Three in ten 40-something Britons feel under pressure to stay in a job they do not like so they can maintain their financial stability, a report has found.
The research among people aged between 40 and 49 found 29 per cent feel forced to stay in a job they are not happy with in order to keep their finances on track.
Meanwhile, 42 per cent regret not putting more money away, 22 per cent thought they would have been in a better-paid job by now and 16 per cent wish they had better qualifications, according to the study by Nationwide Savings.

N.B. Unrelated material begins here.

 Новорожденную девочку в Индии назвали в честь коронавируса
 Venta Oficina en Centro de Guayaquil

The survey delved into the concerns of the age group often described as the “squeezed middle”, with 43 per cent fearing their pension pot will not be big enough, 30 per cent worrying about supporting their children and 21 per cent concerned about caring for parents or grandparents.

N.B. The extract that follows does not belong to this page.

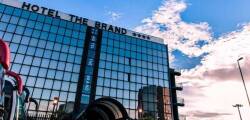 Hotel The Brand Roma 3958918450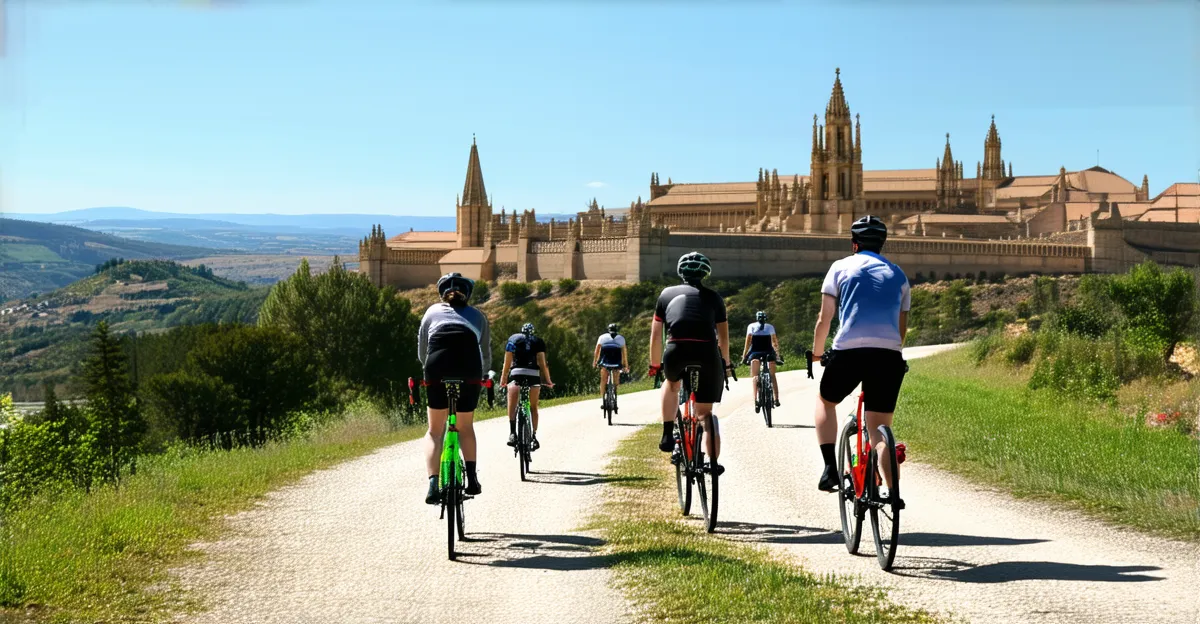 Segovia Seasonal Cycling Tours 2025: Discover the Magic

Men who took part in the survey earn £28,460 in average, while the women surveyed earn £21,629. The average amount people in their 40s have in savings is £8,665 – and despite many being well into their careers they also still owe £681 on average to the “bank of mum and dad”. The average credit card debt held by this age group is £1,626.

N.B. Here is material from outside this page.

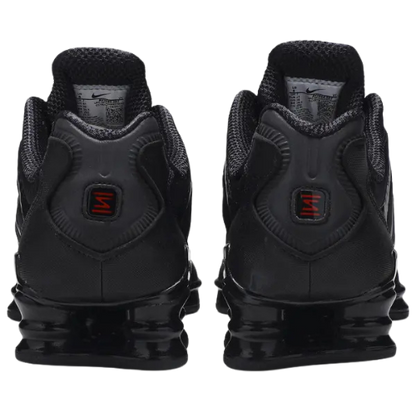 Nike Shox TL 'Hematita Metálica'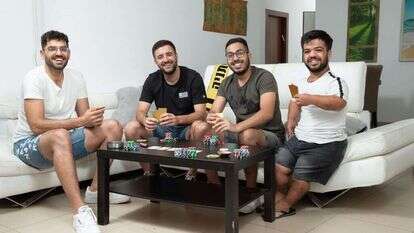 שריה דיאמנט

The research also found that 13 per cent of those surveyed had managed to pay off their mortgage, while 52 per cent were still doing so.
Money worries may also be taking their toll on the health of some 40-somethings. Some 47 per cent said they had suffered stress and anxiety and 41 per cent had endured sleep-related issues. More than half of those surveyed had experienced back pain.
When it comes to getting into shape, more than a quarter (27 per cent) of 40-somethings regret not doing enough exercise, with 53 per cent saying they do not do any exercise in a typical month. Some 30 per cent of those surveyed worry about how they look.
Looking at 40-somethings’ social lives, the research suggests someone in this age group typically prefers to spend a night in front of the TV than in the pub, likes to go on holiday once a year and enjoys two family outings a month.
Andrew Baddeley-Chappell, Nationwide Building Society’s head of savings policy, said: “At a time when we could be considered in our prime, our research suggests that some Brits are finding their 40s quite tough. Their message to the younger generations would be to spend more time looking after your finances and your fitness – avoid that squeezed middle in both senses.”